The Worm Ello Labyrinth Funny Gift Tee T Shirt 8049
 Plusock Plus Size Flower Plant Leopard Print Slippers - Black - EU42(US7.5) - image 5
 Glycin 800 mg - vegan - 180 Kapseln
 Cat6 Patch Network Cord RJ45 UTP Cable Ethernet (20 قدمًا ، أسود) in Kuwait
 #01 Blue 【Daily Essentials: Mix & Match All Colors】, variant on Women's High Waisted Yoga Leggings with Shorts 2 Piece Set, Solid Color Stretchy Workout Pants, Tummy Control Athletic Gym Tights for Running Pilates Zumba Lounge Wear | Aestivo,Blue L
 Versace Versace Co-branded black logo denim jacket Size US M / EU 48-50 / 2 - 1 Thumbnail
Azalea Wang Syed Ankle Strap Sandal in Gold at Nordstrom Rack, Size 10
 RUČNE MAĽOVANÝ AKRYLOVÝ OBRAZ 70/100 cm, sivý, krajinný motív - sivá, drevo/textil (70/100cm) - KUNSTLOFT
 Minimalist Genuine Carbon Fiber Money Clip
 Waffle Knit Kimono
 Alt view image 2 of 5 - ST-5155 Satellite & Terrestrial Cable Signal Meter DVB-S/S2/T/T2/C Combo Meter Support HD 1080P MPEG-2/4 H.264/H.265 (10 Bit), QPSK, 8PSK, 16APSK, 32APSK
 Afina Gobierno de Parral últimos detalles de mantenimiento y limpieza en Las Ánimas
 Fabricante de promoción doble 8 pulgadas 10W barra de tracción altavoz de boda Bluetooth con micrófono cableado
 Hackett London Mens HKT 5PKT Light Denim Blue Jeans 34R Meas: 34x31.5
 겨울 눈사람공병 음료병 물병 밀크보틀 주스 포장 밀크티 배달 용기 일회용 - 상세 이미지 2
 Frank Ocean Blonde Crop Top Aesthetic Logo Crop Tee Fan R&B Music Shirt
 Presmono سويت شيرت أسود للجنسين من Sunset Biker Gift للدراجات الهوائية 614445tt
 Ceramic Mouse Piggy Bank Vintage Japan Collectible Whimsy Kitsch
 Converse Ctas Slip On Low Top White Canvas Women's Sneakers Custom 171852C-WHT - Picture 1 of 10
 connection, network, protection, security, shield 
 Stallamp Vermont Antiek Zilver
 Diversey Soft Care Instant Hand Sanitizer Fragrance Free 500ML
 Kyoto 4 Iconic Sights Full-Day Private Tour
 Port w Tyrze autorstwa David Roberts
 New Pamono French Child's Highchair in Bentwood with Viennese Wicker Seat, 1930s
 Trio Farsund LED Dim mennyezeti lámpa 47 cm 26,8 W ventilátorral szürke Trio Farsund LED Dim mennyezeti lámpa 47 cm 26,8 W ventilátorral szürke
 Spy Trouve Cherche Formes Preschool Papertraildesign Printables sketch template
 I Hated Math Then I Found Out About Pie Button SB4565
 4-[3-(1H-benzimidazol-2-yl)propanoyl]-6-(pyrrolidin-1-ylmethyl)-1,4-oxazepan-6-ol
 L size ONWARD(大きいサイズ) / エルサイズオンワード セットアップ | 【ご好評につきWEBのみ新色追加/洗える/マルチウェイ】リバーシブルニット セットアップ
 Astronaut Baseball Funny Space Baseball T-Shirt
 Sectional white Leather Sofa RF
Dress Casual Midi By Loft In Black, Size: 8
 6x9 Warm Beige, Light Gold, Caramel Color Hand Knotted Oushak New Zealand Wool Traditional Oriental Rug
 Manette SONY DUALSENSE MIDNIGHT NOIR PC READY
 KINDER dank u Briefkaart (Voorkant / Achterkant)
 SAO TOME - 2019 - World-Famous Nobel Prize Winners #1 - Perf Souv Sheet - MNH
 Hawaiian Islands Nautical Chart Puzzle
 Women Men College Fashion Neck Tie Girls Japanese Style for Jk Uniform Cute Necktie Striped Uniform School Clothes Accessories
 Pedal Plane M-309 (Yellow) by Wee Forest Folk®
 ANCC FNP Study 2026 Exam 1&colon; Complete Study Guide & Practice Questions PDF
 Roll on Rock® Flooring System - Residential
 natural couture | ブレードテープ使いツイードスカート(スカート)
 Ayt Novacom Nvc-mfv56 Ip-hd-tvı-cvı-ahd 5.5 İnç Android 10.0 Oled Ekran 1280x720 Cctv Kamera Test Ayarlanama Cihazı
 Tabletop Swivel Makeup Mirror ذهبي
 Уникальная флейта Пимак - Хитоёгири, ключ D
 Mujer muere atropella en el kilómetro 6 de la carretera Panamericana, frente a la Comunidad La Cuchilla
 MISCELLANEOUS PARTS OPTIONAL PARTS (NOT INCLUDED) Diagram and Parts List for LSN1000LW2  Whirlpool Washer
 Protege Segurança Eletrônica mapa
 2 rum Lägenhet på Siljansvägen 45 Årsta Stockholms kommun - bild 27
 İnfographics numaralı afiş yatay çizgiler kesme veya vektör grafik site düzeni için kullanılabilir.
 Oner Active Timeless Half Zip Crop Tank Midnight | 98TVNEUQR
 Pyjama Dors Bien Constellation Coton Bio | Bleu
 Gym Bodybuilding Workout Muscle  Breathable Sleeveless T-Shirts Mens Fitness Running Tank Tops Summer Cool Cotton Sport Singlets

------------------------------------------------

- _WHAT TO WORK ON_
If a line in the records contains the string "Workout", copy it out.

- _RESULT OF THIS EXERCISE_
 #01 Blue 【Daily Essentials: Mix & Match All Colors】, variant on Women's High Waisted Yoga Leggings with Shorts 2 Piece Set, Solid Color Stretchy Workout Pants, Tummy Control Athletic Gym Tights for Running Pilates Zumba Lounge Wear | Aestivo,Blue L
 Gym Bodybuilding Workout Muscle  Breathable Sleeveless T-Shirts Mens Fitness Running Tank Tops Summer Cool Cotton Sport Singlets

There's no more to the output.